## Prompt
Look below for the line that contains "Nsoyos reading ghost" and the line that contains "Southern Asia SPI", then restate both of them and every line in between, exactly. No picture goes in the copy.

## Data
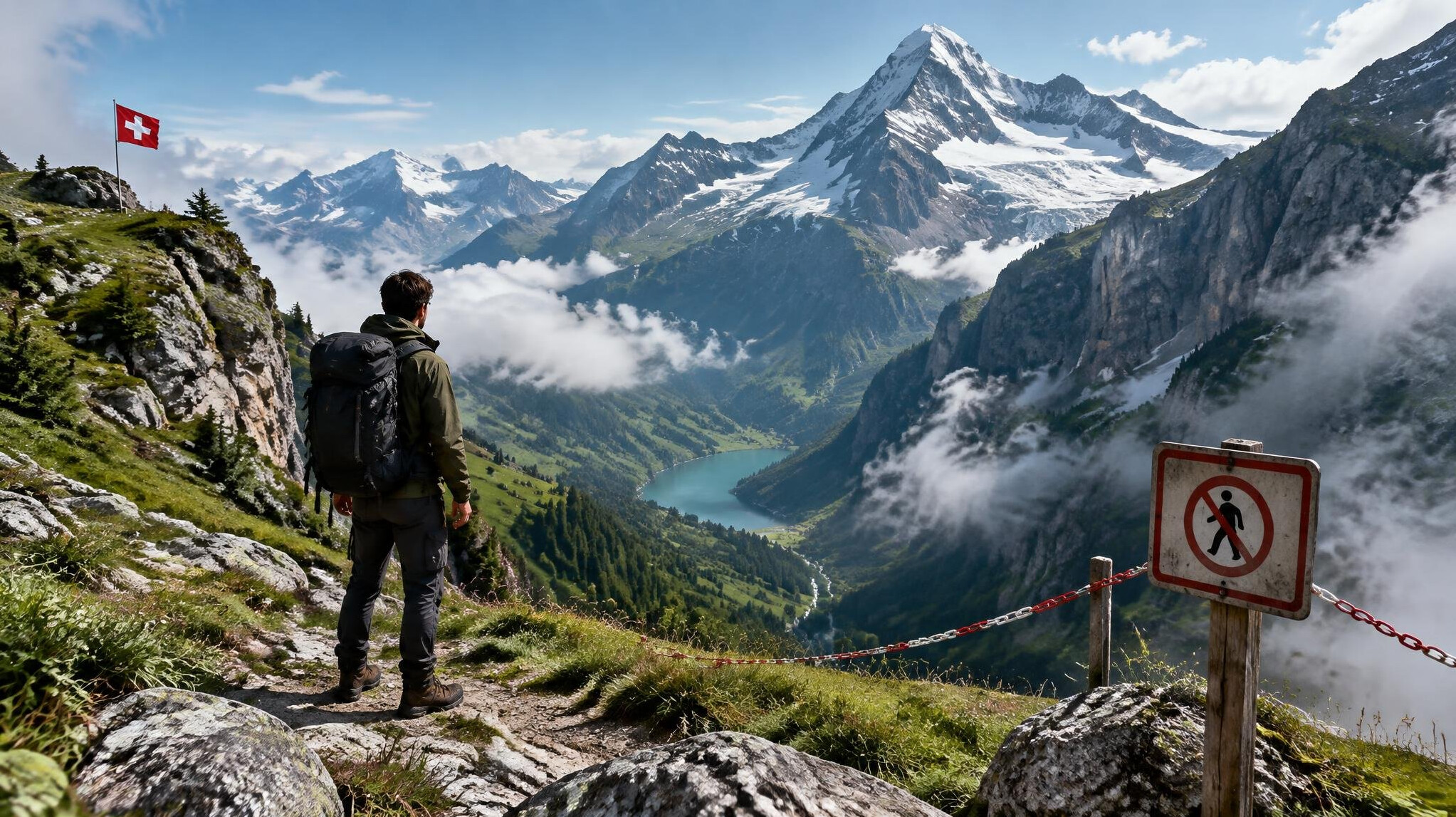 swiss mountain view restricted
---
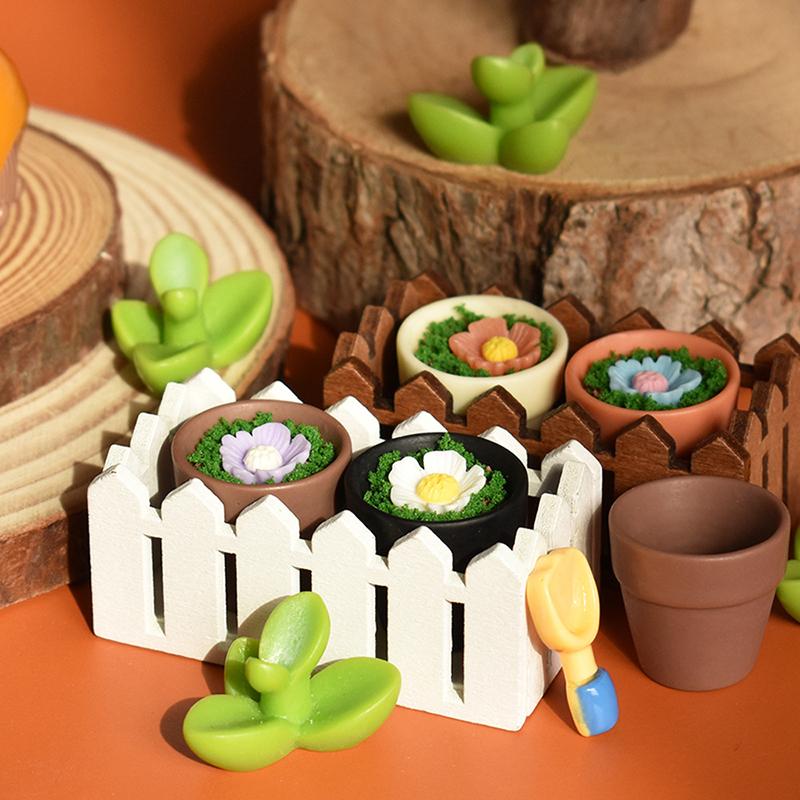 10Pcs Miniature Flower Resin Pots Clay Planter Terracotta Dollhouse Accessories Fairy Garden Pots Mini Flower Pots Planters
==
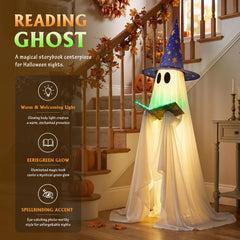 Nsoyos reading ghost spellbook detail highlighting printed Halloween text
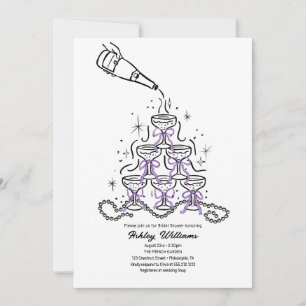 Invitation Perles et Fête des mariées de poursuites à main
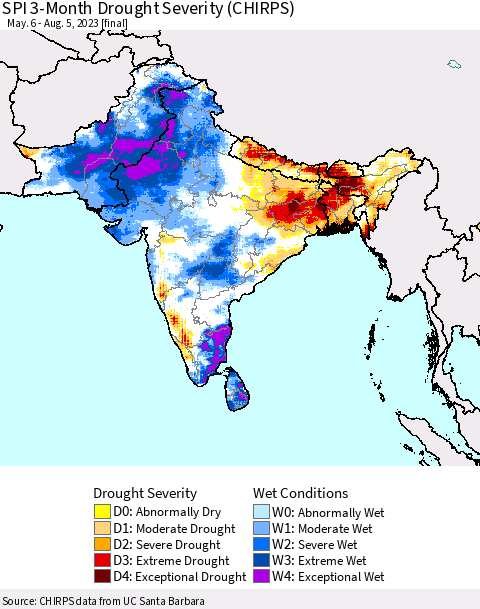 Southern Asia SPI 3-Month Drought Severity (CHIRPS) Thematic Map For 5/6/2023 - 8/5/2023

## Worked solution
 Nsoyos reading ghost spellbook detail highlighting printed Halloween text
 Invitation Perles et Fête des mariées de poursuites à main
 Southern Asia SPI 3-Month Drought Severity (CHIRPS) Thematic Map For 5/6/2023 - 8/5/2023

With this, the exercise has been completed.